Les haleines tièdes se mêlent, rubans argentés d'une brume engourdie, dans les profondes noirceurs du temps. Elle se serait presque endormi, transie de froid dans ses fines jupes, alors que les secondes défilaient en la narguant. Ce n'était qu'une sorte de songe sans fin qu'elle observait dans le miroir trouble de la vie, une route à tracer, alors même que ses jambes s'avancent dans l'inconnu gelé d'une destiné contre-indiquée. Alors ses yeux s'ouvrent grand sur le vide insensé de son existence, ses longs cils battant son regard absent. Un concerto sans concertation, syncope brisée et triolet de noires, tête tournante et mains moites. Mais il ne faut pas trembler. Non. Il faut être fort. Fort. Ce n'est qu'une expression sans fondement, une sorte d'image à calquer, dans un coin de sa conscience. Etre fort, et n'être que ce qu'on vous demande d'être. Sourire, alors même que les larmes se bousculent sous le pont de vos sentiments et que la rage bout dans les bas-fonds de vos entrailles. Etre fort, une idiotie à tenir pour vraie. Alors les dents se serrent dans un gémissement imperceptible. Les doigts s'entrecroisent et se griffent, frémissement froissé. C'est une habitude à prendre. Etre dans l'absurdité des conventions, alors même que toute raison nous échappe. Vivre hors d'un monde ordonné, dans une sorte de rêve éveillé, entre peur et chaleur. Ce n'est pas une vie, peut-être. Une étincelle éphémère dans la froidure grandissante. L'aube s'approche, à pas feutrés, apportant avec elle la crainte d'un nouveau jour. L'air se glace et ses sens sont en feu. La robe s'est prise dans la neige nouvelle. Le cœur s'est fêlé.
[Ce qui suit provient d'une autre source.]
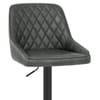 Melbourne Real Leather Stool Antique Slate
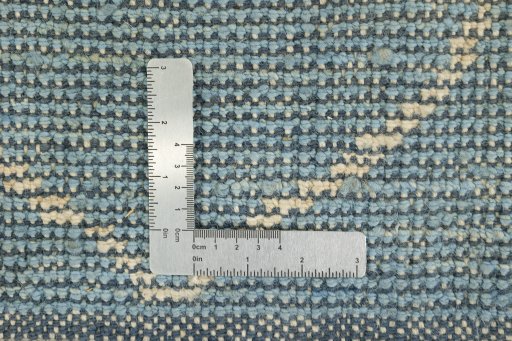 Close-up detail of New Morocco rug from Pakistan showing Wool weave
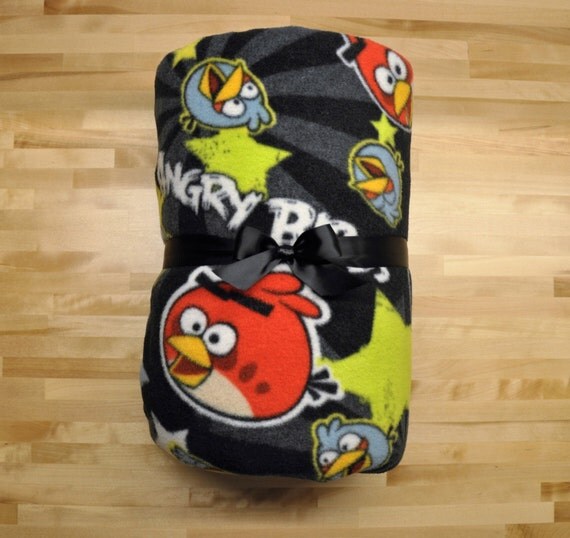 Angry Birds Blanket / Angry Birds Throw Blanket / Angry Birds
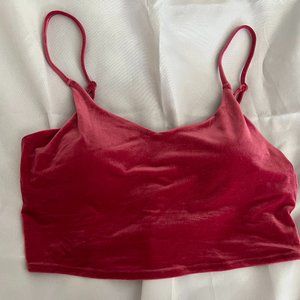 ATHLETA Elation V-Neck Velvet Crop D-DD+, Class Pink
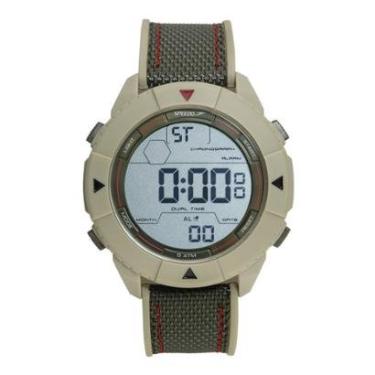 Imagem de Relógio Speedo   0g0evnv Esportivo Digital Cáqui-Masculino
Une brûlure. Voilà une comparaison bien frêle, par rapport à ces sentiments qui se bousculent. Quelques notes de musique s'égrainent dans l'atmosphère lourde, pour s'abattre avec fracas sur le sol givré. Elles parlent de soleil, faible rayon d'un espoir bientôt évaporé. Les ailes des anges laissent flotter quelques plumes fanées, dans un léger parfum de lys blanc, alors que les roses rouges ont éclos, laissant leurs pétales glisser sur les peines à panser. Il y a des mots qui disparaissent, dans le lointain. Ceux qui s'oublient sur les routes effacées. Et pourtant. Une feuille craquelée, à l'encre bleue délavée, qui virevolte contre son cœur palpitant. Battement incessant. Le regard se perd à l'horizon chatoyant. L'indicible heure profile ses délicates parures. Le corps s'emplit d'une lueur irréelle, coupe de promesses sacrées aux reflets nacrés. Le réceptacle est infini, tant que les paroles résonnent sans jamais se rompre.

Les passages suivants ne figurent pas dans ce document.